Carola Marwitz-Schramm Carola Marwitz-Schramm, verh. Meyer-Marwitz, gesch. Schramm
(12.8.1911- nach 2006)
Leadsängerin bei den Piccadilli-Boys, Muse, Salonnière
Nienstedten (Wohnadresse)
Buchenhof 15 (Wohnadresse)
Sie tanzte noch mit weit über 80 Jahren mit Ulli Tukur auf dem Tisch und ihre kleine Rente besserte sie im hohen Alter auf mit Nebenjobs wie z. B. in einer Briefmarkenhandlung oder in der Landeszentrale für politische Bildung.
Carola Marwitz-Schramm war eine elegante Erscheinung, kaufte ihr Parfüm und andere Kosmetika in der Hamburger Hof Parfümerie und lud in den 1990er Jahren einmal die damalige wissenschaftliche Referentin der Landeszentrale für politische Bildung, Dr. Rita Bake, mit der sie gemeinsam Mitglied der damaligen Hamburg Gesellschaft unter Leitung des ehemaligen seemännischen Gewissens des NDR, Hannes Schlünz, war, zu einer Veranstaltung vor einem parfümkundigen Fachpublikum ein. Auf dieser Veranstaltung hielt der Parfümeriebesitzer und Parfümeur Albert Thomas aus Aachen einen Vortrag über die Geschichte des Parfüms. Dr. Rita Bake erkannte sofort die politische Dimension des Parfüms, denn die Kreation eines Parfüms spiegelt oft den gesellschafts-politischen Zeitgeist einer Epoche wider. Und so konnte dank Carola Martwitz-Schramm, die Dr. Rita Bake mit dem Parfümeur Herrn Thomas zusammenbrachte eine besondere Seite der politischen Bildung und damit auch ein neues Klientel mit der Veranstaltung der Landeszentrale für politische Bildung zum Thema „Der Duft, der Politik begleitet“, geöffnet werden..
Carola Marwitz-Schramm war nicht nur elegant, sondern auch witzig, spritzig und völlig unkonventionell. Diese Mischung machte es, dass alle die, die Konventionen zwar durchaus einhielten, wenn sie es für notwendig hielten, diese aber stets auch hinterfragten und mit Witz und Charme auch mal durchbrachen, lieben mussten.
Im „Hamburger Klönschnack“, dem Stadtmagazin für die Elbvororte heißt es in einem Portrait über „Karla Marwitz-Schramm aus Othmarschen: Die Gesellschafterin vom Buchenhof“: „Sie brachte Koryphäen der Kunst und Kritik zum Kalauern (…).

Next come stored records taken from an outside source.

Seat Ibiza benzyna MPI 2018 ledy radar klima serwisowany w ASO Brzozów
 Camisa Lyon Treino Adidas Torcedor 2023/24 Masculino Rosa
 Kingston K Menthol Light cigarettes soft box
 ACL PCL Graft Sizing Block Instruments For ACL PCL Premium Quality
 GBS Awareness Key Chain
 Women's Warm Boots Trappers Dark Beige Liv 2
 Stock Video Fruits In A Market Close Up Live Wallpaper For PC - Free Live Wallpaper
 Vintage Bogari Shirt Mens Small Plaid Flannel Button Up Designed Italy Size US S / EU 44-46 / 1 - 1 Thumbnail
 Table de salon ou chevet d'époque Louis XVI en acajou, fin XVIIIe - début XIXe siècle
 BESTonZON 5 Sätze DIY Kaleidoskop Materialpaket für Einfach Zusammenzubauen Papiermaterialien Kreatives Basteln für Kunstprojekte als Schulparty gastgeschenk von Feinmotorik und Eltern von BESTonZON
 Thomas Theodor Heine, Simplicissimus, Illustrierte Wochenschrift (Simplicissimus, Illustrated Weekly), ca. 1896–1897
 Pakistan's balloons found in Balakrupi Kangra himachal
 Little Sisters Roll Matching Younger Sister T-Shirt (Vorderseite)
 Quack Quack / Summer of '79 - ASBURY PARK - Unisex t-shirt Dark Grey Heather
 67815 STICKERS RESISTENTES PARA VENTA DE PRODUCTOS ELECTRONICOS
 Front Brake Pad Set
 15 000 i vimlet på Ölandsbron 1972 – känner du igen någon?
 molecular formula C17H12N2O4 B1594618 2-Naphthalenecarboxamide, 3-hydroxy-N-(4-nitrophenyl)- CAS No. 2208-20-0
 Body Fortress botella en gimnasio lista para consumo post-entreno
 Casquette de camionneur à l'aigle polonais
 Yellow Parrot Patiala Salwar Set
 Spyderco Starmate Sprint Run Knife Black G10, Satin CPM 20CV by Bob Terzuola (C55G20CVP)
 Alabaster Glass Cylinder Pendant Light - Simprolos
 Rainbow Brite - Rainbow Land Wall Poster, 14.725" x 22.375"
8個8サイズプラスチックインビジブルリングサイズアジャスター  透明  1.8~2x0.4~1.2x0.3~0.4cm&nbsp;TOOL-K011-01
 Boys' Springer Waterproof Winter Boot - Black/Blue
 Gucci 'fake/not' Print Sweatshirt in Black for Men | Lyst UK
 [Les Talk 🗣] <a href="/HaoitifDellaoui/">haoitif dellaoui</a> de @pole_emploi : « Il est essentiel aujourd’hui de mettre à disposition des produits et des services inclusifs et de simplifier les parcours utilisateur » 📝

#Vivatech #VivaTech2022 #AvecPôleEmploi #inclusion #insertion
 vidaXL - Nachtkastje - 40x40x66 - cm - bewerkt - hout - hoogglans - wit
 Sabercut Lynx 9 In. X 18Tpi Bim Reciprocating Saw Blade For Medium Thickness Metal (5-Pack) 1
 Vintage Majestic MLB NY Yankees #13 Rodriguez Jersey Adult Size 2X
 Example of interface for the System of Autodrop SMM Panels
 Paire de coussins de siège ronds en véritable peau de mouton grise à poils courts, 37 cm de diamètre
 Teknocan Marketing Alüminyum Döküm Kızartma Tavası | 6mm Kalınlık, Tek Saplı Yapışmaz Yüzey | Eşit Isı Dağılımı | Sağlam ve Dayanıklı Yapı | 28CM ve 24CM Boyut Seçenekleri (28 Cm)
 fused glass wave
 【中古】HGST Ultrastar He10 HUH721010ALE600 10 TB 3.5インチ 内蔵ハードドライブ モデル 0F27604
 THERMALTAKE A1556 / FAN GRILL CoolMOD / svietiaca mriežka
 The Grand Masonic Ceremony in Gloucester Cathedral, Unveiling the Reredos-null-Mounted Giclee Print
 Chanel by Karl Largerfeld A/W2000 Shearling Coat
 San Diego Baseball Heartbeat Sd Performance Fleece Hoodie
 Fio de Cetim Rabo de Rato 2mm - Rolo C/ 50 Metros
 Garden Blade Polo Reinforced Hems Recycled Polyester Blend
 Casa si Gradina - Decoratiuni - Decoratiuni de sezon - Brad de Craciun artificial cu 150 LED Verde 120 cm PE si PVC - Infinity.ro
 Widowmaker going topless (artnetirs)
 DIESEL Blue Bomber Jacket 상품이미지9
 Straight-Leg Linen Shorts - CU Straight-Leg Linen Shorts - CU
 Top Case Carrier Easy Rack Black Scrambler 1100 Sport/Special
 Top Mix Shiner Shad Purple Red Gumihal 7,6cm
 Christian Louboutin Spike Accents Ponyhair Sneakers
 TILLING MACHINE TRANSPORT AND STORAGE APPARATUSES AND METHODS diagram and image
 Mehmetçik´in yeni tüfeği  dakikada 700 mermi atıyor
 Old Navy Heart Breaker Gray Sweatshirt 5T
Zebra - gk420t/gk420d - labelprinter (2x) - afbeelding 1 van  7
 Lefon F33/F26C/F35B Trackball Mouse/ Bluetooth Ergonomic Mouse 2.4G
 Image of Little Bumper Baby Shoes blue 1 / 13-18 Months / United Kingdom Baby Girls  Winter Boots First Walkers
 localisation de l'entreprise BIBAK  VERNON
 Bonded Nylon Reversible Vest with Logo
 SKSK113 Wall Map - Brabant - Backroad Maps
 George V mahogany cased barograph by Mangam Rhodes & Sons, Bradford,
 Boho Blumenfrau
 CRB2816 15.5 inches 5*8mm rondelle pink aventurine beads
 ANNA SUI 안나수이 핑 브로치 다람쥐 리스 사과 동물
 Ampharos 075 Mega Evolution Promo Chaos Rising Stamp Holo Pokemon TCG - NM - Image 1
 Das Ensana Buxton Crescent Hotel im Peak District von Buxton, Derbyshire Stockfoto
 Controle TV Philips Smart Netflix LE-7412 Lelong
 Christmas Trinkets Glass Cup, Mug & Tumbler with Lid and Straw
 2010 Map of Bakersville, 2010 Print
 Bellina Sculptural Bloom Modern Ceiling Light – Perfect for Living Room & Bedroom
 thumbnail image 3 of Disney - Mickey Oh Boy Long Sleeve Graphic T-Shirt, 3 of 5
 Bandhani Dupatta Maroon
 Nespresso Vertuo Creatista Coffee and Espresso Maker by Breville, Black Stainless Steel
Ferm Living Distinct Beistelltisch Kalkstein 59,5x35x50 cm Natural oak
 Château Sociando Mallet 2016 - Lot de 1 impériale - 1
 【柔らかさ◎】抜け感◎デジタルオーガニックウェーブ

Galant beflügelte sie die Vergnügten zu geistreichen Konversationen (…). Als Salondame Carola führte Karla Marwitz-Schramm in Flottbek Hamburgs Kulturgrößen zusammen. Zu ihren anregenden Plaudereien zwischen Bernhard Meyer-Marwitz [1913-1982] und Wolf Schramm [1896-1965] mit Annemarie Holz, Karl Voscherau und Carl Albert Langen gesellten sich schöngeistige Dialoge mit Eduard Marks, Paul Mundorf und Edda Seipel. Ihnen folgten stichhaltige Wortwechsel mit Dirks Pauluns, Bernhard Hamann oder Josef Offenbach (…)
Sie waren das journalistische Genre Wolf Schramms, der später das unterhaltsame Fabulieren bei Carola leitete, aber immer seltener mit dem ‚Dirigenten der niederdeutschen Komponente‘, [Verleger und Publizist] Bernhard Meyer-Marwitz, der zuletzt mit ihr verheiratet war.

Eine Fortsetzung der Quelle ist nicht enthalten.